Naturalmente, lui non s’accorge di nulla e io mi risprofondo negli incartamenti nell’attesa che sortisca dal cesso e cercando una frase d’aggancio. Che non arriva!

Dopo qualche minuto, mi porge un “Bonne nuit!” passando davanti alla guardiola, poi, come pentito, si volta verso di me e, con quella sua meravigliosa (anche quella!) voce, mi flauta se ho del Gran Marnier. “No, purtroppo, ma ora fermo il treno e glielo vado a comprare!” vorrei rispondergli, ma, invece: “ No, purtroppo, ma ho del cognac… se vuole!”

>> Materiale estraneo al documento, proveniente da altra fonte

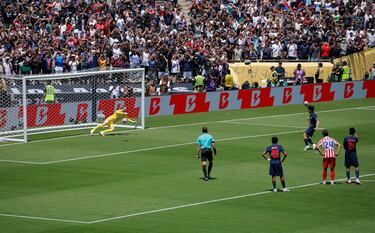 No falló el jugador coreano desde los once metros, engañando a Oblak en su lanzamiento. Otro tanto más para el PSG, otro varapalo más para el Atlético de Madrid en su debut.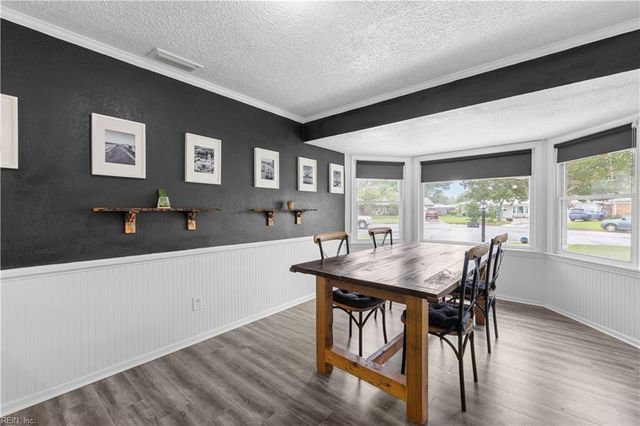 3709 Pine Grove LN, Virginia Beach, VA 23452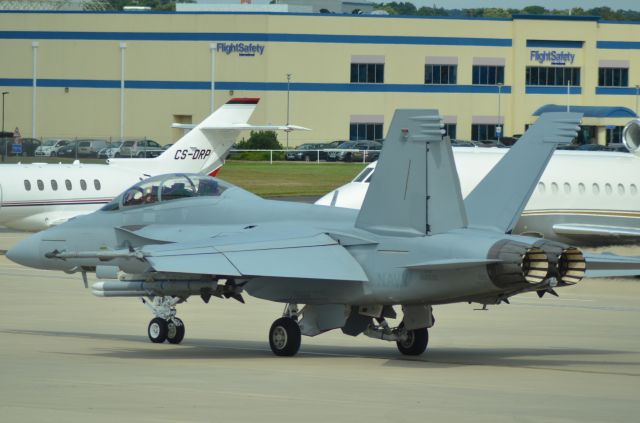 16-8930 — - Super Hornet taxing past offices at the Farnborough Air Show 2016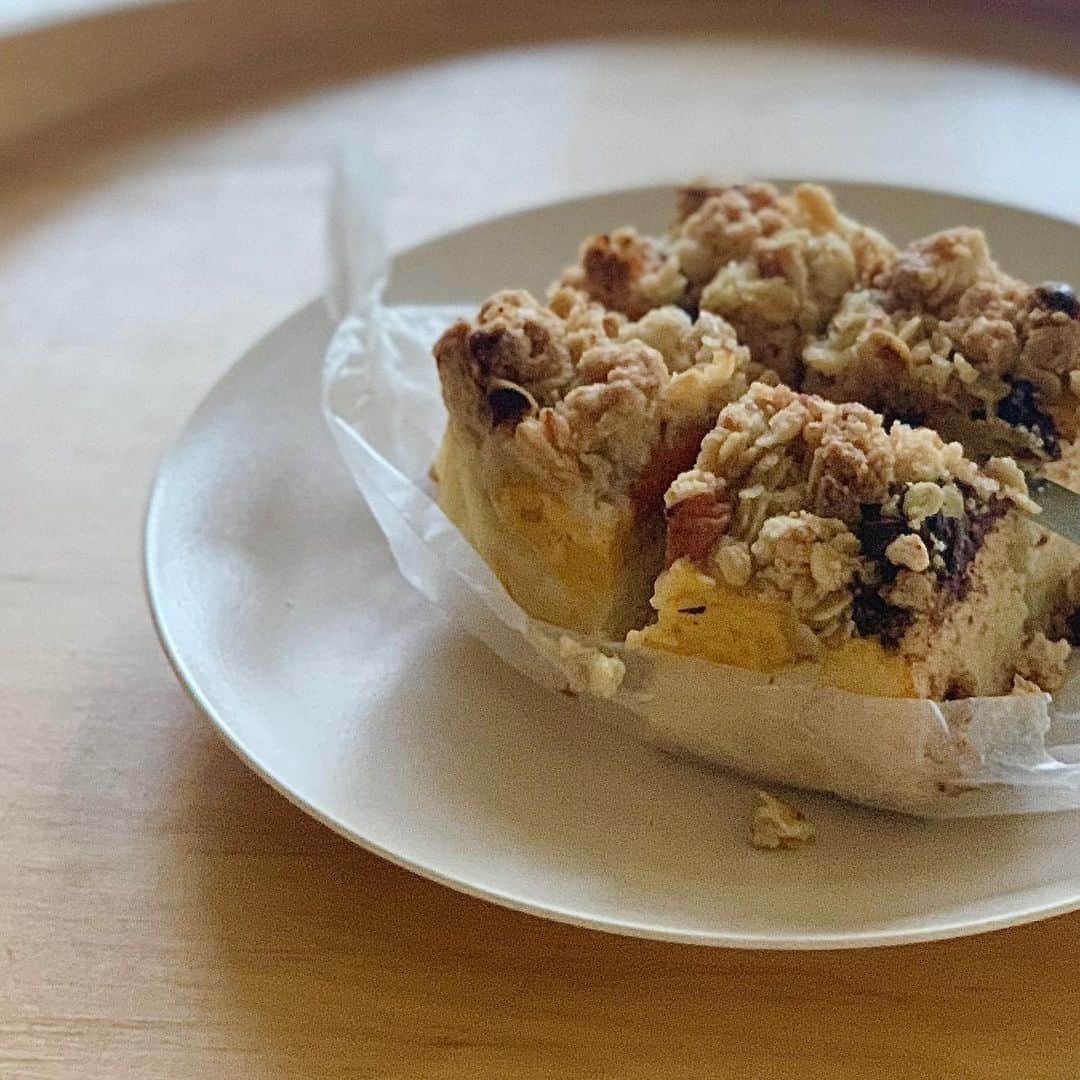 OKAのインスタグラム：「アプリコットとチョコレートが入ったクランブルパンをいただきました。懐かしいメロンパンみたいな食感で控えめな甘さもちょうど良くおいしかった。ありがとうー😋 @fluffy_bakery_bakingclass」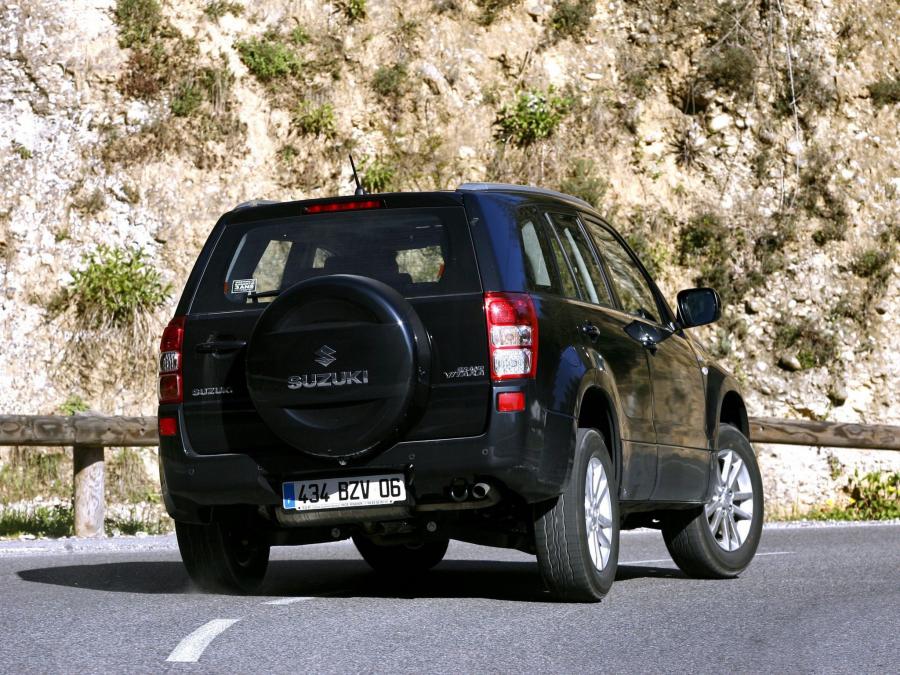  Suzuki Grand Vitara 5-Door 2005 года  (фото 17 из 18)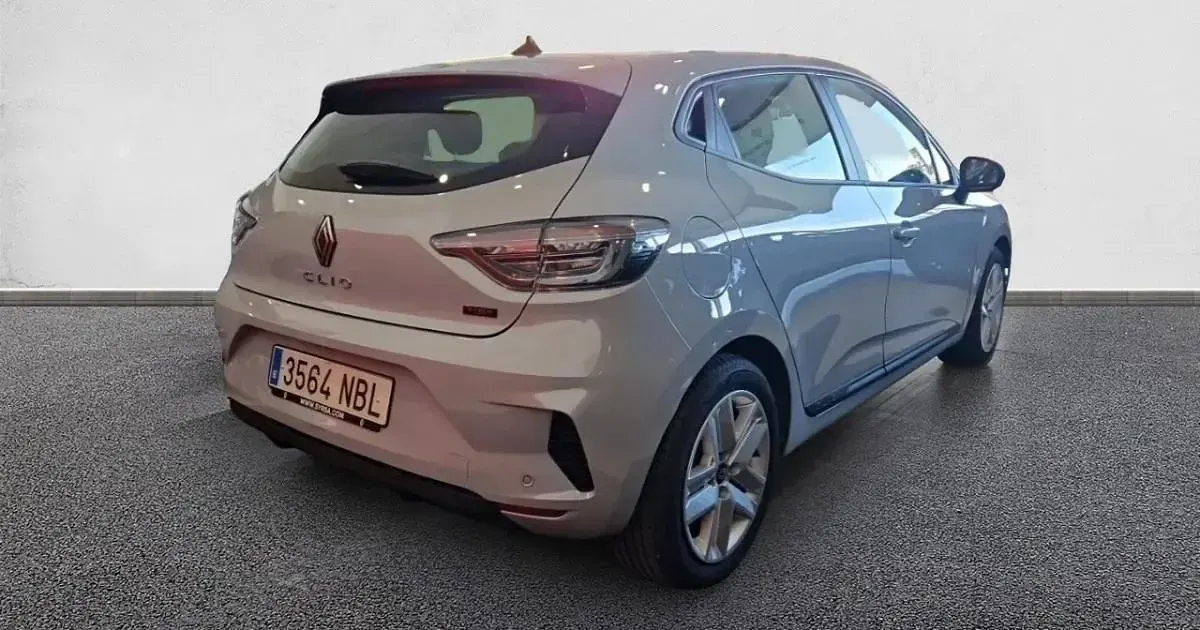 Usado Renault Clio Evolution 143 CV (105 kW) 2025 Utilitario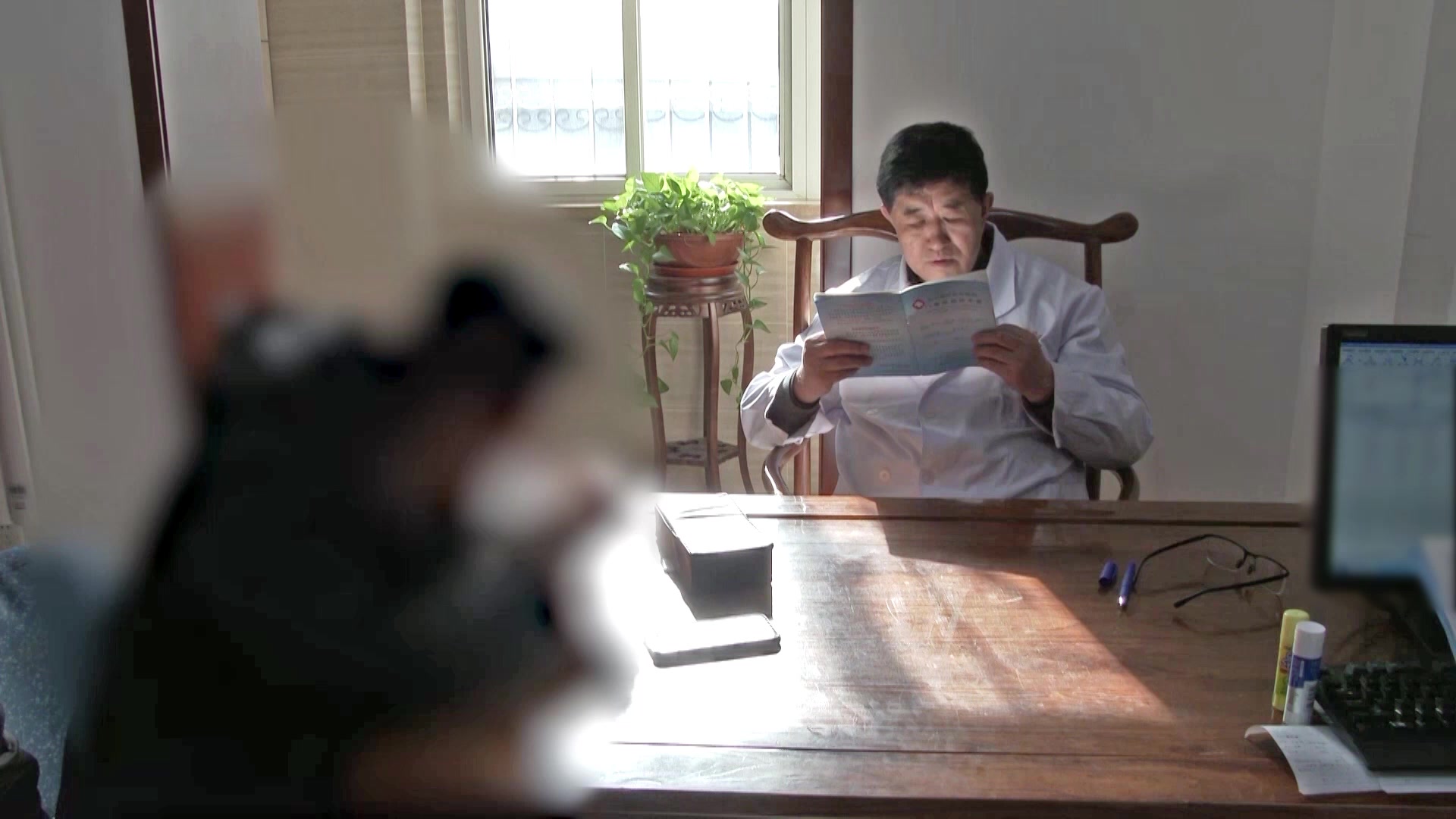 肝郁肾虚证：32岁男性抑郁症因家庭刺激复发的疏肝调方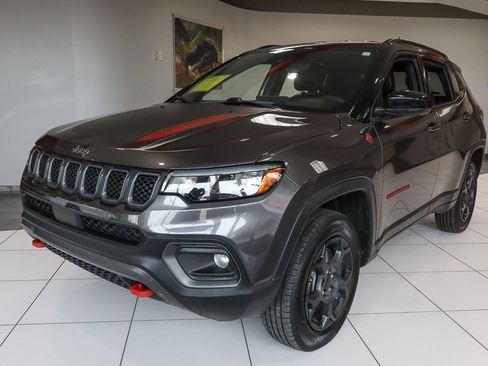 Used 2024 Jeep Compass Trailhawk image 1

Un po’ deluso, mi lancia il suo “Ok!”Vada pure … glielo porto subito!”

E mentre lo ammiro dietro, lo analizzo: son sicuramente spalle da lanciatore di pesi, quelle!

E anche il sedere sodo e alto mi suggerisce che deve praticare ancora molta attività agonistica.

Quando si chiude la porta alle spalle, prendo dalla mia valigia una bottiglia appena comprata come souvenir: non posso certo sedurlo usando le mini bottigliette di brandy che abbiamo in vendita!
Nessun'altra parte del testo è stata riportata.